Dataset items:

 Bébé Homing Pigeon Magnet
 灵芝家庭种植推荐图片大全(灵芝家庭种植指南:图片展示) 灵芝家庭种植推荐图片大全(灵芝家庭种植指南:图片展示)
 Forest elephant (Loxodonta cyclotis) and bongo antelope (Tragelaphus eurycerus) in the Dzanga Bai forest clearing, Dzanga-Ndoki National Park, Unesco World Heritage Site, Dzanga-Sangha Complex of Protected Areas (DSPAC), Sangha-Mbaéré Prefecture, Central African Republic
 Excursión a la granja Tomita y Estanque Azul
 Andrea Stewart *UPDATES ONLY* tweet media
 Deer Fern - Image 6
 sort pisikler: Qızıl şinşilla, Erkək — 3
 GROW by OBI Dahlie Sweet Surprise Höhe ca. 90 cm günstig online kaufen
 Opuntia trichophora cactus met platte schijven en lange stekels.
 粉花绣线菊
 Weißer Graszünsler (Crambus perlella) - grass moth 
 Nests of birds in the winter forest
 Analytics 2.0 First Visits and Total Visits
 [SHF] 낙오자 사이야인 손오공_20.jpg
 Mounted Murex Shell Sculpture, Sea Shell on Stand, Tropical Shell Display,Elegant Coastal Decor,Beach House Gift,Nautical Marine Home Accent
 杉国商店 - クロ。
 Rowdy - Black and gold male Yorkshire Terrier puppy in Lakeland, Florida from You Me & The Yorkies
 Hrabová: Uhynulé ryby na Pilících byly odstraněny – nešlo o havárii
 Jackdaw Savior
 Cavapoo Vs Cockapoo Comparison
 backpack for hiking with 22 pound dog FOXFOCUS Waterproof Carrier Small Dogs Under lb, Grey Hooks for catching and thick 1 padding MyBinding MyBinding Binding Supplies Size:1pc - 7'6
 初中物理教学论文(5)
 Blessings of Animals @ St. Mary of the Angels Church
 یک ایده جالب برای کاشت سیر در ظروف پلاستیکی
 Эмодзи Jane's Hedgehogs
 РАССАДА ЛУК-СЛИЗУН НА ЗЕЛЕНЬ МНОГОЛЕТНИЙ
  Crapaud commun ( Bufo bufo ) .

Exercise prompt:
The reply should contain all of the entries exactly as shown above.

Your solution:
 Bébé Homing Pigeon Magnet
 灵芝家庭种植推荐图片大全(灵芝家庭种植指南:图片展示) 灵芝家庭种植推荐图片大全(灵芝家庭种植指南:图片展示)
 Forest elephant (Loxodonta cyclotis) and bongo antelope (Tragelaphus eurycerus) in the Dzanga Bai forest clearing, Dzanga-Ndoki National Park, Unesco World Heritage Site, Dzanga-Sangha Complex of Protected Areas (DSPAC), Sangha-Mbaéré Prefecture, Central African Republic
 Excursión a la granja Tomita y Estanque Azul
 Andrea Stewart *UPDATES ONLY* tweet media
 Deer Fern - Image 6
 sort pisikler: Qızıl şinşilla, Erkək — 3
 GROW by OBI Dahlie Sweet Surprise Höhe ca. 90 cm günstig online kaufen
 Opuntia trichophora cactus met platte schijven en lange stekels.
 粉花绣线菊
 Weißer Graszünsler (Crambus perlella) - grass moth 
 Nests of birds in the winter forest
 Analytics 2.0 First Visits and Total Visits
 [SHF] 낙오자 사이야인 손오공_20.jpg
 Mounted Murex Shell Sculpture, Sea Shell on Stand, Tropical Shell Display,Elegant Coastal Decor,Beach House Gift,Nautical Marine Home Accent
 杉国商店 - クロ。
 Rowdy - Black and gold male Yorkshire Terrier puppy in Lakeland, Florida from You Me & The Yorkies
 Hrabová: Uhynulé ryby na Pilících byly odstraněny – nešlo o havárii
 Jackdaw Savior
 Cavapoo Vs Cockapoo Comparison
 backpack for hiking with 22 pound dog FOXFOCUS Waterproof Carrier Small Dogs Under lb, Grey Hooks for catching and thick 1 padding MyBinding MyBinding Binding Supplies Size:1pc - 7'6
 初中物理教学论文(5)
 Blessings of Animals @ St. Mary of the Angels Church
 یک ایده جالب برای کاشت سیر در ظروف پلاستیکی
 Эмодзи Jane's Hedgehogs
 РАССАДА ЛУК-СЛИЗУН НА ЗЕЛЕНЬ МНОГОЛЕТНИЙ
  Crapaud commun ( Bufo bufo ) .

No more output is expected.